__WHAT YOU WILL DO__
Output only the lines below that start at the line containing "a view of an" and end at the line containing "Bamboo tooth brushes", with both ends kept.

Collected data
[Start of Attachment]

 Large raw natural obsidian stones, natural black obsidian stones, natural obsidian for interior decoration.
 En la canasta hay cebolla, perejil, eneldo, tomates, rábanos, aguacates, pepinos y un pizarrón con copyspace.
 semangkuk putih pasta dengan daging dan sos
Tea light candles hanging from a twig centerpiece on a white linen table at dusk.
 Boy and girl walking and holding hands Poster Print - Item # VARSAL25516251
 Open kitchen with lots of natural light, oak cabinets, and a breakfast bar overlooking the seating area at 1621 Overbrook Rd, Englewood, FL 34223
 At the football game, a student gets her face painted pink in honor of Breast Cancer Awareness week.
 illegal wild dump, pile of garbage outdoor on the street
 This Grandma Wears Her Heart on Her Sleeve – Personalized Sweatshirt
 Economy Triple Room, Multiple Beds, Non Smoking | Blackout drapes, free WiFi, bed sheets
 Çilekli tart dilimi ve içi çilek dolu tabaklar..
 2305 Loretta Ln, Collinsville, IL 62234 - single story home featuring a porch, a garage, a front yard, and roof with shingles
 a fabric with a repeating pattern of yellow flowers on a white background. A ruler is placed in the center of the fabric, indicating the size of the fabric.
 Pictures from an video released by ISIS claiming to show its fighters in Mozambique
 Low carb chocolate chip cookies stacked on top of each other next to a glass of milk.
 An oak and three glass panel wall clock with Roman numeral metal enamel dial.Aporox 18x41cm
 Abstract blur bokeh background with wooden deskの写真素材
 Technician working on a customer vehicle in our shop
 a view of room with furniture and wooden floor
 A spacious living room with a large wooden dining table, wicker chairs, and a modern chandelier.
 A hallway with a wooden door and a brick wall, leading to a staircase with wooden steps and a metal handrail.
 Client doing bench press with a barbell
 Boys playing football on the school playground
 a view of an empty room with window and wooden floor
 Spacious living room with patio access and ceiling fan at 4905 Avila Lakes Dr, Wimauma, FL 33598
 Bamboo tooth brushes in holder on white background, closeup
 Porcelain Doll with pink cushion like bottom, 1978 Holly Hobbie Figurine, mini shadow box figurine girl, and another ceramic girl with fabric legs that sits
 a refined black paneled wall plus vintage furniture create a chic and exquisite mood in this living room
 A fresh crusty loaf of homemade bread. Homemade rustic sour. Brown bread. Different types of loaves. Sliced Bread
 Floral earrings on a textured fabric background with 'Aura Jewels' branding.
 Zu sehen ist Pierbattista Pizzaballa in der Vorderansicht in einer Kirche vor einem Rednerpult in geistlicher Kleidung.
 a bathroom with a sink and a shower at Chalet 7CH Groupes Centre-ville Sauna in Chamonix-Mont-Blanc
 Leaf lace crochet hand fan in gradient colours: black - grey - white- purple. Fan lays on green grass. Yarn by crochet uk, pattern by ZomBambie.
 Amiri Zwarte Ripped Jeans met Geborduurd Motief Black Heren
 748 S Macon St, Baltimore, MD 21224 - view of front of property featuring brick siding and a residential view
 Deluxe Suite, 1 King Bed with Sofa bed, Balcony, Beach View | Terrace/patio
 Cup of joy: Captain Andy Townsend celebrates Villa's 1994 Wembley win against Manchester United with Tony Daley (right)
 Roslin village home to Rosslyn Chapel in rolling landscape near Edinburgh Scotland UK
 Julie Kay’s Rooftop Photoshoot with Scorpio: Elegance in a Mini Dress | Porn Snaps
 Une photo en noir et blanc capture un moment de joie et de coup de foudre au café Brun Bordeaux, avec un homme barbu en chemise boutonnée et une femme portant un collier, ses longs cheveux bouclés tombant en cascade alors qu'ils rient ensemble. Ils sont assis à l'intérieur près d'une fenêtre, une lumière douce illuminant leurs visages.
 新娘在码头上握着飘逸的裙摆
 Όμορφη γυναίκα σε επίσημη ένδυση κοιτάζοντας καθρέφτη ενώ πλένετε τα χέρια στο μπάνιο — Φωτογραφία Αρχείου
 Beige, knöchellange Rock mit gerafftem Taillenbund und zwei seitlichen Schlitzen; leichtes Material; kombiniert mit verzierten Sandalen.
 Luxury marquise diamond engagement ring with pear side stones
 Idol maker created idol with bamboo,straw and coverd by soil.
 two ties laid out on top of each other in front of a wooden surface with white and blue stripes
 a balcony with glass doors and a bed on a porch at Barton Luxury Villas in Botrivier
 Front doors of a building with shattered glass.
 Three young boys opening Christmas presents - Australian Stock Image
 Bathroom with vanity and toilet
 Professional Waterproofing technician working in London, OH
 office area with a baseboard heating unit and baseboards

[End of Attachment]

__EXERCISE RESPONSE__
 a view of an empty room with window and wooden floor
 Spacious living room with patio access and ceiling fan at 4905 Avila Lakes Dr, Wimauma, FL 33598
 Bamboo tooth brushes in holder on white background, closeup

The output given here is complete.